Przypomnijmy, że jesienne derby na stadionie Widzewa były pierwszymi od wielu lat, na których pojawili się kibice gości. Chociaż nie brakowało różnego rodzaju ekscesów, to przebieg całego wydarzenia był dość spokojny. To na pewno argument za tym, by i kibice Widzewa mogli zostać ugoszczeni na obiekcie ŁKS-u. Innym z plusów są relacje między szefami obu klubów.
– Mam dobre relacje z prezesem Widzewa. Właściwie to są najlepsze kontakty w porównaniu do jego poprzedników. Przy okazji derbów często ze sobą rozmawialiśmy i najważniejsze, że fani obu klubów byli na trybunach. To był sukces. Życzyłbym sobie takich kontaktów z każdym prezesem, jakie mam z Mateuszem Dróżdżem – mówił Tomasz Salski, po październikowych derbach Łodzi.
Sam Salski od kilku tygodni zapowiadał zresztą, że chce, by kibice Widzewa pojawili się na derbach. Aby jednak do tego doszło, muszą zostać spełnione określone warunki. Przede wszystkim musiała zostać zakończona budowa stadionu. I tak się stało. Co więcej, stadion przeszedł już wszystkie odbiory.
– Jesteśmy na ostatniej prostej, żeby uzyskać pozwolenie straży pożarnej. To wszystko pozwoli ŁKS-owi w pełni umościć się na stadionie i dać nam wrażenia sportowe – poinformowała Agnieszka Kowalewska-Wójcik, dyrektor Zarządu Inwestycji Miejskich.
– Tak jak obiecałem. Złożyliśmy odpowiednie dokumenty. Będą kolejne odbiory, które pozwolą na to, żeby fani następnych drużyn, w tym oczywiście kibice Widzewa, mogli uczestniczyć w meczach na naszym stadionie – zapowiedział kilka dni temu Salski.
W pewnym momencie pojawiło się niebezpieczeństwo, że kibiców Widzewa na stadionie zabraknie. To ze względu na chuligańskie wybryki pseudokibiców podczas meczu Widzewa z GKS-em Tychy. Władze Łodzi, na czele z prezydent Hanną Zdanowską, miały twardy orzech do zgryzienia.
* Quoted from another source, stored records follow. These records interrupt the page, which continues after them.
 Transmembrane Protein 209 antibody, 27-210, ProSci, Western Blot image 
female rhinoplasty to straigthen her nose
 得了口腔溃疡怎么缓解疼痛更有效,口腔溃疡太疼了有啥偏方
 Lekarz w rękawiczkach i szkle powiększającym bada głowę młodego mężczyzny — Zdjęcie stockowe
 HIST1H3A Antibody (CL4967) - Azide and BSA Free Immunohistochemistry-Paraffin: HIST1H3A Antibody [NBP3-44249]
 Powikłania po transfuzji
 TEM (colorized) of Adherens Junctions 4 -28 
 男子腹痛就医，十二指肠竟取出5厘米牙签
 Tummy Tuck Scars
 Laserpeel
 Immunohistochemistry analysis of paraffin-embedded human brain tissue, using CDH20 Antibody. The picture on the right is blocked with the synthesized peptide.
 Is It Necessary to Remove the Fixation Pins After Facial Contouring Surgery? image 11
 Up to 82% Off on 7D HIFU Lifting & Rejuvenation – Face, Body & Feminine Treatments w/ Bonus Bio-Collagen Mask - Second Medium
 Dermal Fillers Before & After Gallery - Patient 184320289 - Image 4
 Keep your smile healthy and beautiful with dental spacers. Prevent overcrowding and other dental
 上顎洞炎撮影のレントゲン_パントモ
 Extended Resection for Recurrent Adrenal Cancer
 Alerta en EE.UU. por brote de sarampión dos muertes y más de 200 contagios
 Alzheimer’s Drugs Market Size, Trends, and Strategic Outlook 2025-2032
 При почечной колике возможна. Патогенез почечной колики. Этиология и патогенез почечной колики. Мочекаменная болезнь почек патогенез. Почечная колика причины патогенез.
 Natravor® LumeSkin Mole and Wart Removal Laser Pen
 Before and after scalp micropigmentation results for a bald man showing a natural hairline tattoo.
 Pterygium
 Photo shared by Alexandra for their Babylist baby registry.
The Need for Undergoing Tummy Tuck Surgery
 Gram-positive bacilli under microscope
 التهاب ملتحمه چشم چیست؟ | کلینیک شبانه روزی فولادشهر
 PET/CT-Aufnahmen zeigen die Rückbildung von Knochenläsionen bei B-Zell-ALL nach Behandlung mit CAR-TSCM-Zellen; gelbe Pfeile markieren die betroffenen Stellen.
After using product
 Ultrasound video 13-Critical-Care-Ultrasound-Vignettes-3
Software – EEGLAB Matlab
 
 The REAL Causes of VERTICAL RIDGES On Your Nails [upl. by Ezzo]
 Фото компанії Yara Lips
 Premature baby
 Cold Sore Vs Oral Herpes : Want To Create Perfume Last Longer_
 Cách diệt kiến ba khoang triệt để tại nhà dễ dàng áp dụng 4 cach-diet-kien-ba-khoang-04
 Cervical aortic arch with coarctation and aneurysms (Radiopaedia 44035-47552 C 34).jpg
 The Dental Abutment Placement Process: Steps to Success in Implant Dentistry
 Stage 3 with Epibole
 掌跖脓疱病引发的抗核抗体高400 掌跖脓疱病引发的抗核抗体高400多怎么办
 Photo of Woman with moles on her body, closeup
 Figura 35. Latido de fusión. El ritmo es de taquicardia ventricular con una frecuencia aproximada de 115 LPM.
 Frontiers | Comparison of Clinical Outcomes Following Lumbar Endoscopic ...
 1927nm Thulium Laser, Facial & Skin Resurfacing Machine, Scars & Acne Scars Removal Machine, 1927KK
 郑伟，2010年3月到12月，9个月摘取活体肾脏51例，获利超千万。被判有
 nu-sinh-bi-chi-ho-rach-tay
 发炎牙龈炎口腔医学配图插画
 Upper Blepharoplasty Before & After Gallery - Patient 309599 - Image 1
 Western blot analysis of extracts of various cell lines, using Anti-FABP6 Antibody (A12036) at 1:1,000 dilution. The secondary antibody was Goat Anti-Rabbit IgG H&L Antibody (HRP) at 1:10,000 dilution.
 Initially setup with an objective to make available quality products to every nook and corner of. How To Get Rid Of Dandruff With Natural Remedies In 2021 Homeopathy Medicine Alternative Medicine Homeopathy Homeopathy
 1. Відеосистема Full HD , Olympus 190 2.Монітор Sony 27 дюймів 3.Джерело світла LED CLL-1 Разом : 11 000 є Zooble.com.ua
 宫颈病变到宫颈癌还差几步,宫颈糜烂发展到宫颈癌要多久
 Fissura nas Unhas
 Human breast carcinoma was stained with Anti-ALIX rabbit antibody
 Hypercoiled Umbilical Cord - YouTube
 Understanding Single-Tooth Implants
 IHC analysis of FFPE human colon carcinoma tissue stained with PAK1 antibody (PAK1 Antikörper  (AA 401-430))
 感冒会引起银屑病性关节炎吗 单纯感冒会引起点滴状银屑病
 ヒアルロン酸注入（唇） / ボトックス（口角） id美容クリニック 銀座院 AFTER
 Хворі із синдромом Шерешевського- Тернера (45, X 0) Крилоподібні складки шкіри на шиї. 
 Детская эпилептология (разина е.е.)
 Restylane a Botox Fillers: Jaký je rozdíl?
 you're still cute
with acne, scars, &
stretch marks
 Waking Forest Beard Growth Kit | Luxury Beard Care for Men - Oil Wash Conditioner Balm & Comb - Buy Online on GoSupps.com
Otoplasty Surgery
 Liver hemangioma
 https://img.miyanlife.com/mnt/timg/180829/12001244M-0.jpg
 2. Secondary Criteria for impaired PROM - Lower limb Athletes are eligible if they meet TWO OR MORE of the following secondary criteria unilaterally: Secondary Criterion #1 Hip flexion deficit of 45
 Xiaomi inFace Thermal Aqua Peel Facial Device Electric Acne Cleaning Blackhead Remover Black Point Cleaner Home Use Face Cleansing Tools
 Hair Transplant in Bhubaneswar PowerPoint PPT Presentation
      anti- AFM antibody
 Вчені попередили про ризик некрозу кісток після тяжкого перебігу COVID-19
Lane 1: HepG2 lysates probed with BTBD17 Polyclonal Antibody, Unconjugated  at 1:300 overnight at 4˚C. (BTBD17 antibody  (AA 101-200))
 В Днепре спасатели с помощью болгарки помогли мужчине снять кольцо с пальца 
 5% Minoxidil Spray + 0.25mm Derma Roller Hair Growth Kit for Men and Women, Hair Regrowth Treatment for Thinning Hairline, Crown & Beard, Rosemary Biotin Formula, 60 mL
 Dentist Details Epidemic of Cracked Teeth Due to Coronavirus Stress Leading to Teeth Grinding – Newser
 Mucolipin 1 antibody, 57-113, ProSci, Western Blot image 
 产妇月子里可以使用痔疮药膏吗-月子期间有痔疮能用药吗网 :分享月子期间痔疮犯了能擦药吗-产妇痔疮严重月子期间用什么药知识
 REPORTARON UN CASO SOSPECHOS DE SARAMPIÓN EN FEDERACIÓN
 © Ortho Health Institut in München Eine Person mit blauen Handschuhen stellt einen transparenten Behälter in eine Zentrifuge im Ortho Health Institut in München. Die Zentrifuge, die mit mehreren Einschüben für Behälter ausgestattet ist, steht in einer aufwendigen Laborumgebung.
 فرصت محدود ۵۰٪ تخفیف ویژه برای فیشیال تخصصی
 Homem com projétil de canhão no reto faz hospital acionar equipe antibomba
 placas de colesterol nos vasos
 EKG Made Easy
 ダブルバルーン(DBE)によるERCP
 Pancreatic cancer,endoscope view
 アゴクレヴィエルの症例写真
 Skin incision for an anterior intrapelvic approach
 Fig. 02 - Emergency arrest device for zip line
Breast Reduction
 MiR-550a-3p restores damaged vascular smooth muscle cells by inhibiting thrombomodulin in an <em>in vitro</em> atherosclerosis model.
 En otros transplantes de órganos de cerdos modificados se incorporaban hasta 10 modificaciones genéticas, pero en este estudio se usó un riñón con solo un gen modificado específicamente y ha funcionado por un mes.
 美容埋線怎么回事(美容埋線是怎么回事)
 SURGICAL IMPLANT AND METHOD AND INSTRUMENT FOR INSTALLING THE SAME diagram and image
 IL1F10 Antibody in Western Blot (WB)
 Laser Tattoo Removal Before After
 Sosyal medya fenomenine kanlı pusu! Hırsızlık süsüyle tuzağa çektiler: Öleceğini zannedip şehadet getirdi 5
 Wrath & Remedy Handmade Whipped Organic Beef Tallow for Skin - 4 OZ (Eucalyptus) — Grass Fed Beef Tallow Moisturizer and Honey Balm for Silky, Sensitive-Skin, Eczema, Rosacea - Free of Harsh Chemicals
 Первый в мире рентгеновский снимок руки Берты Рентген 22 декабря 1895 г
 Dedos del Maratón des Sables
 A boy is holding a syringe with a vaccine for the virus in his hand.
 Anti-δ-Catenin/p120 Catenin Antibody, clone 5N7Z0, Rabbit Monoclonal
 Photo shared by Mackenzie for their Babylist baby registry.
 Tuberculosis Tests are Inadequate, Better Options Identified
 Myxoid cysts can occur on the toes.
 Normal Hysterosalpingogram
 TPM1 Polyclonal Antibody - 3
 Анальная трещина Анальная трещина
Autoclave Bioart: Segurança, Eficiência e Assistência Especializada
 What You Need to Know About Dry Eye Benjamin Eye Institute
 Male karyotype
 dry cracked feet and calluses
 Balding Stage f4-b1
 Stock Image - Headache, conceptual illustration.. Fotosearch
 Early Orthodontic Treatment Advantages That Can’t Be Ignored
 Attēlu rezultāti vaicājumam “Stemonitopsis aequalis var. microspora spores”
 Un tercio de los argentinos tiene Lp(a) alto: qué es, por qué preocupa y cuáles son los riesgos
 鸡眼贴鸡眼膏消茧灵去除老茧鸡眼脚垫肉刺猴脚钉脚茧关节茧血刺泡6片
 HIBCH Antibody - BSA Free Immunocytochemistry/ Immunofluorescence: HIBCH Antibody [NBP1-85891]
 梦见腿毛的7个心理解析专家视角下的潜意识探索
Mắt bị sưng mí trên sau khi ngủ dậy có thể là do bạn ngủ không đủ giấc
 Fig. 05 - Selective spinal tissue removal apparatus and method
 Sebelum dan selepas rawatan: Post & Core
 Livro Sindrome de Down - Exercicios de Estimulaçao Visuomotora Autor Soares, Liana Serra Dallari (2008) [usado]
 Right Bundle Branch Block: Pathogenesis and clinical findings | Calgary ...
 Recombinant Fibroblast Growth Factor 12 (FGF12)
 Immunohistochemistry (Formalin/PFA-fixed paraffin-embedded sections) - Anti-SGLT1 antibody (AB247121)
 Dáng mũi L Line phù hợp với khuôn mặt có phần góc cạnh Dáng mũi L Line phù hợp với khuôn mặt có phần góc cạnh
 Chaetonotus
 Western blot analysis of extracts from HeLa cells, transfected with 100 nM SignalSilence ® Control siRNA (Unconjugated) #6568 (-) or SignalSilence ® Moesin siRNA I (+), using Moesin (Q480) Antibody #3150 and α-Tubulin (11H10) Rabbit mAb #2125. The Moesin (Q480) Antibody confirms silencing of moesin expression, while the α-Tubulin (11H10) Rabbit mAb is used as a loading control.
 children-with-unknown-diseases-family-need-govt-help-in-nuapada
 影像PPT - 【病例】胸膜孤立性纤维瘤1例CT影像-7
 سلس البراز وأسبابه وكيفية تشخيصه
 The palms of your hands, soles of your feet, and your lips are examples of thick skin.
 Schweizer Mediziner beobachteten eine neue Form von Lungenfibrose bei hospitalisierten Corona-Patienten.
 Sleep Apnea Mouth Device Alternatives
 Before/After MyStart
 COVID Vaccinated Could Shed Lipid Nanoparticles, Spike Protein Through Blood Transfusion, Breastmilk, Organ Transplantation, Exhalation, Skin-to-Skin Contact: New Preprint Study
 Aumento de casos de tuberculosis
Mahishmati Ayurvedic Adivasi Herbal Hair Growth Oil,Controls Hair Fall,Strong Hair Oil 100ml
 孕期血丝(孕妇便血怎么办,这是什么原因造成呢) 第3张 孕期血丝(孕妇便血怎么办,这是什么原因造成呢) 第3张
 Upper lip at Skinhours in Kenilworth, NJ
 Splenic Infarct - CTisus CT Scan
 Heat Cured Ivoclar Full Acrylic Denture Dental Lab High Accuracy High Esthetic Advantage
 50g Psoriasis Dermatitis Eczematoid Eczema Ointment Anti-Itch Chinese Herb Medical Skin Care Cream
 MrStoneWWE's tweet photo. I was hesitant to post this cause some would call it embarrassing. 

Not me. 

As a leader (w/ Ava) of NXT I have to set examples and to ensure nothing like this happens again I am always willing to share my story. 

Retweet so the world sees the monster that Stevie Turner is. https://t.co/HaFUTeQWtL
Ostatecznie, jak ustalił Łódzki Sport, sympatycy Widzewa niebawem otrzymają oficjalną zgodę na pojawienie się na obiekcie ŁKS-u. Wówczas nic już nie będzie stało na przeszkodzie, by 3 maja stadion przy al. Unii Lubelskiej 2 wypełnił się kibicami obu łódzkich klubów.